What comes to your mind first when I tell you to create image of sound?
If you’re a musician you might think about score, which allows us to see the sequence of individual sounds, their pitch and length. Or if you used some old audio players you can still remember crazy waves shown on your monitor, which represented the changes of acoustic pressure that we, as humans, interpret as sound.
So how is this possible that even if we think about sound in terms of a sequence, we do most of its research using… image?
In this article (which is part 1), I’ll tell you a story of:
- representing sound as an image and what those images mean?
- my process of considering – is audio merely a computer vision in disguise?
Let’s dive into it.
Starting with easy mathematics (promise)
To understand the mechanism of sound in computers, it’s really good to firstly look at our human mechanism.

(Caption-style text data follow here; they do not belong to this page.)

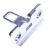 HK2174389 DOOR HOOK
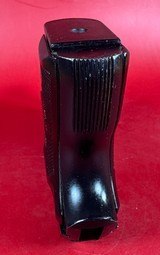Beretta 8000 D Mini Cougar 9mm 3.6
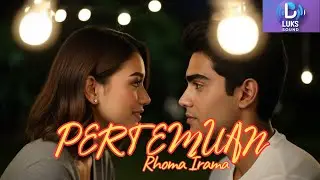 Pertemuan - Rhoma Irama
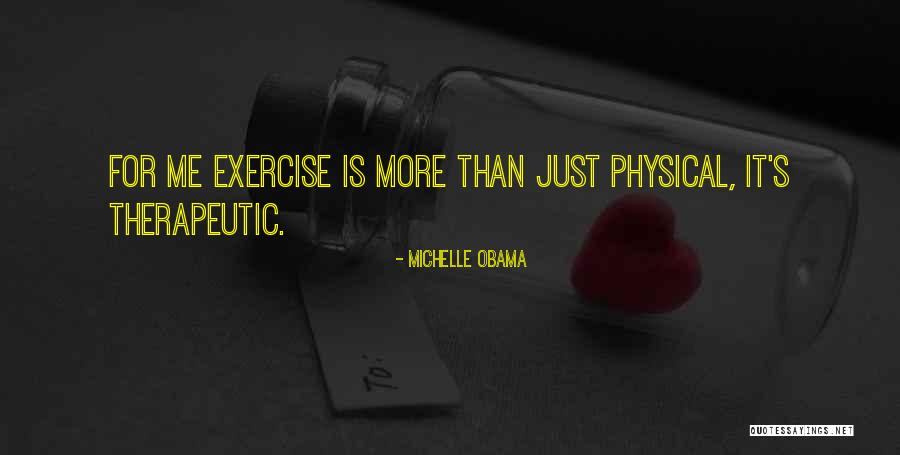 Rettenmeier Quotes By Michelle Obama Rettenmeier Quotes By Michelle Obama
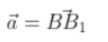 0402t0sd-3d25-108x42.png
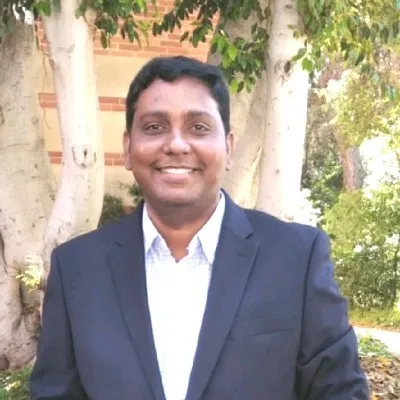 Member, CETA Foundation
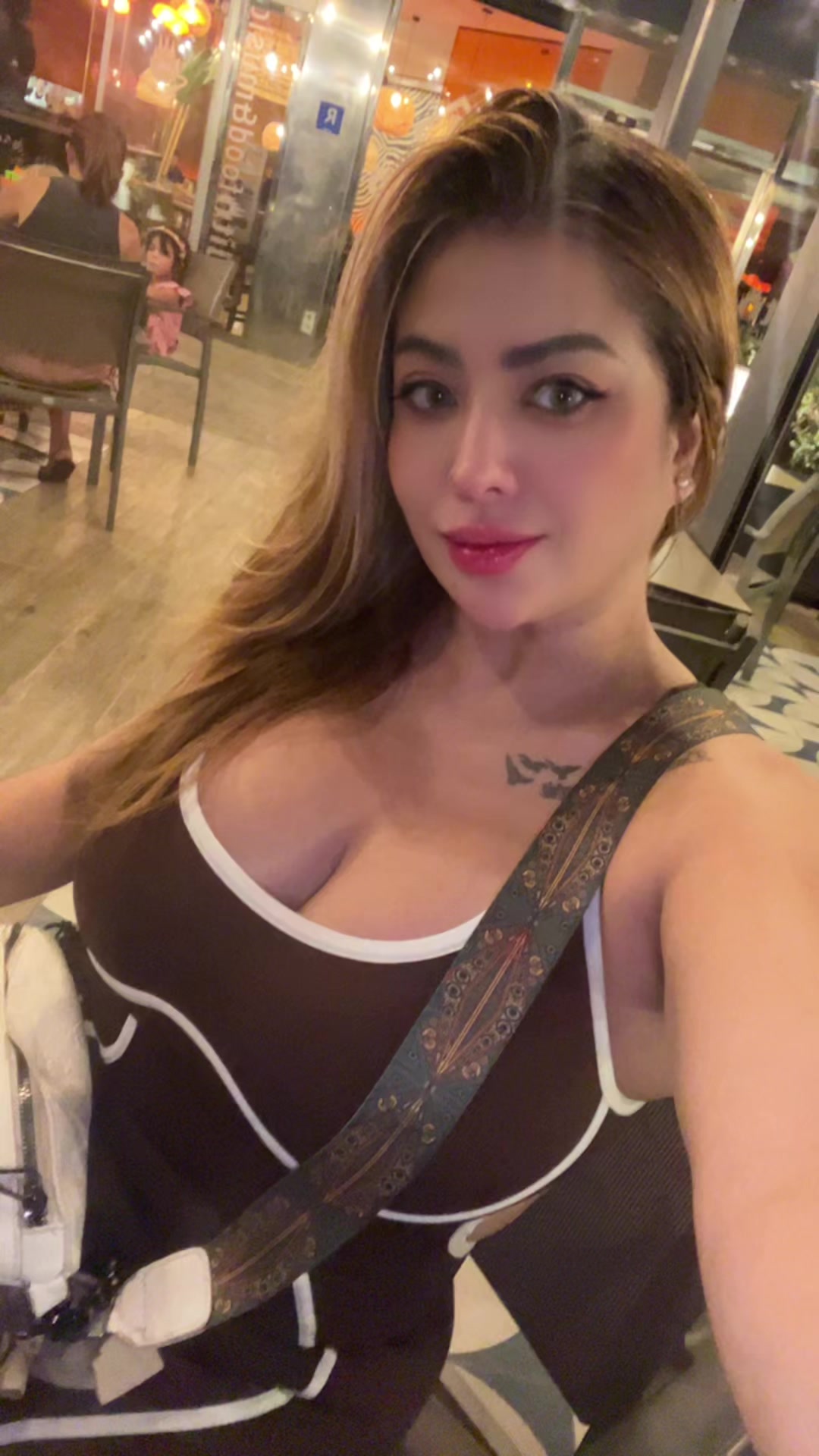 @daycataño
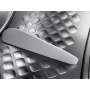 Сушильна машина ELECTROLUX EW7D394UU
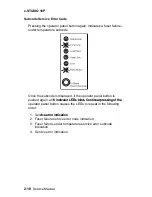 Preview for 27 page of Toshiba e-STUDIO 16P Service Manual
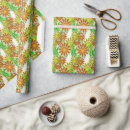 Suche nach neon orange geschenkpapier Grün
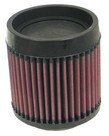 K&N Air Filter Polaris PL-1005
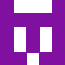 ooooooooooooo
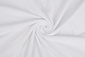 Nicky Velours White Nicky Velours White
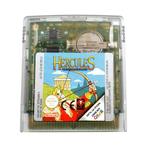 Hercules: The Legendary Journeys [Gameboy Color], Ophalen of Verzenden, Zo goed als nieuw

Our ear consists of 3 parts: outer, middle and inner ear. When we listen to something, the sound wave goes into the outer ear in order to cause a vibration of a small membrane that sits in our middle ear. When the membrane starts vibrating it moves other elements: this time 3 bones with absolutely adorable names of malleus, incus and stapes. With every step the wave is being magnified through those mechanisms until it lands in its almost final destination – cochlea.
Here is where the magic happens. Cochlea is full of fluid which distributes the wave deeper and deeper. In each part it registers different frequencies of sound, so the deeper the wave goes, the higher frequency is registered. But what are those frequencies intuitively?
Picture is worth 1000 words – so let’s analyse the idea of frequency on the plot.
To make it simple, frequency tells us how many times some repetitive event happened in a specific time frame. It is measured in Hertz, and for example 10 Hz means 10 events.
Let’s see an example. Assume our time frame is 1 second. Our repetitive event is 1 cycle of sinus function (so you know this up, down, up movement that goes from 0 to -1 to 1 and then again to 0). On our first plot we can see that only 1 cycle happened during 1 second, so the frequency of this wave is 1 Hz.
Similarly you can analyse plot 2 and 3: in the former we have 2 cycles in 1 second (so 2 Hz) and in the latter – 3 Hz. But what happens on plot 4?
It appears that 1 signal can be a sum of other signals with various frequencies. Our 4th plot is a sum of frequencies 1 Hz, 2 Hz and 3 Hz – and here we know it, because we constructed it ourselves. But what happens when we don’t know it upfront?
Going back to the human ear, the cochlea does almost exactly this type of decomposition – because different parts register different frequencies, we get the information which frequencies were present in sound. And the similar technique is also known in mathematics – it’s called Fourier Transform.
Let’s perform this decomposition on our sum of sinuses. We’ll be using the so-called Discrete Fourier Transform – because our signal only looks like it’s continuous, but in fact it’s discrete (it has a countable number of elements).
Without using the information about frequencies, we were able to deconstruct the signal and see what frequencies were inside the signal.
I deliberately omit the problem of phase here – I apologise to those being more into the topic, but wanted to make this one intuitive as possible.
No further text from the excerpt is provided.